Nicholas Young, a former police officer for the Washington, D.C., Metro transit system, was found guilty Monday of trying to help the Islamic State. A federal jury found Young, a 38-year-old Muslim convert, guilty of obstructing justice and offering financial support to a friend he thought had joined the terrorist organization.
A former police officer for the Washington, D.C., Metro transit system was found guilty Monday of trying to help the Islamic State, making him the first law enforcement officer nationwide to be convicted in a terrorism case, the Washington Post reports. Nicholas Young, a 38-year-old Muslim convert from Alexandria, Va., faces up to 60 years in prison. After only a few hours of deliberation, a federal jury found he obstructed justice and offered financial support to a friend he thought had joined the terrorist organization. In fact, the man was an undercover informant who befriended Young as part of an FBI sting operation. “Nicholas Young swore an oath to protect and defend, and instead violated the public’s trust by attempting to support ISIS,” said U.S. Attorney Dana Boente.

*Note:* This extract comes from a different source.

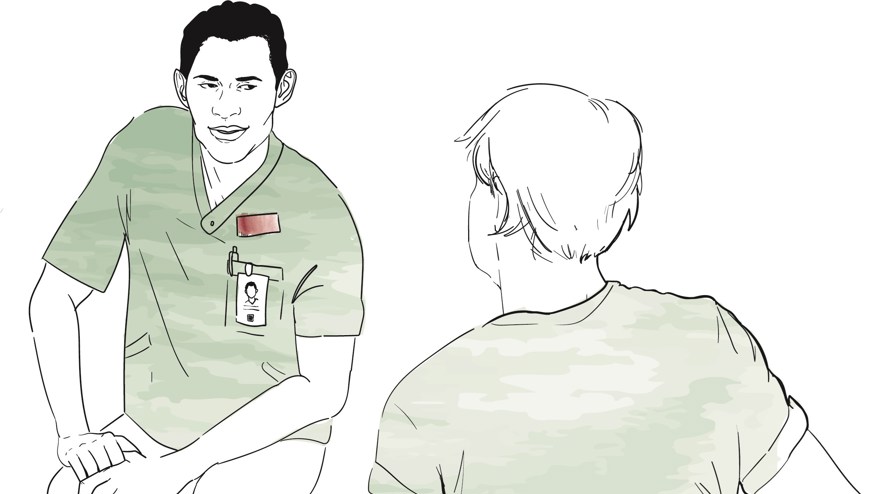 Illustration av två läkare som sitter och samtalar. En läkare syns framifrån och den andra bakifrån.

Young was under FBI scrutiny for six of the 13 years he patrolled the public transportation system. He used his vacation time to join the civil war in Libya in 2011, leaving the FBI wondering whether he fought with a terrorist group, and watched Islamic State videos while on break. He was commended by one U.S. attorney’s office for his work as a police officer, only to be investigated by another. He may be the first person convicted of backing the Islamic State to consider himself a conservative, venerate former congressman Ron Paul, and express interest in joining the Sons of Confederate Veterans. The paradox at the heart of the trial was Young’s interest in both Islamic radicalism and Nazism. Young dressed up as an SS officer in World War II reenactments and had a tattoo on his arm celebrating his unit. He also collected literature advocating violent jihad and watched Islamic State videos. Prosecutors believe that virulent anti-Semitism connected the two seemingly incompatible forms of extremism.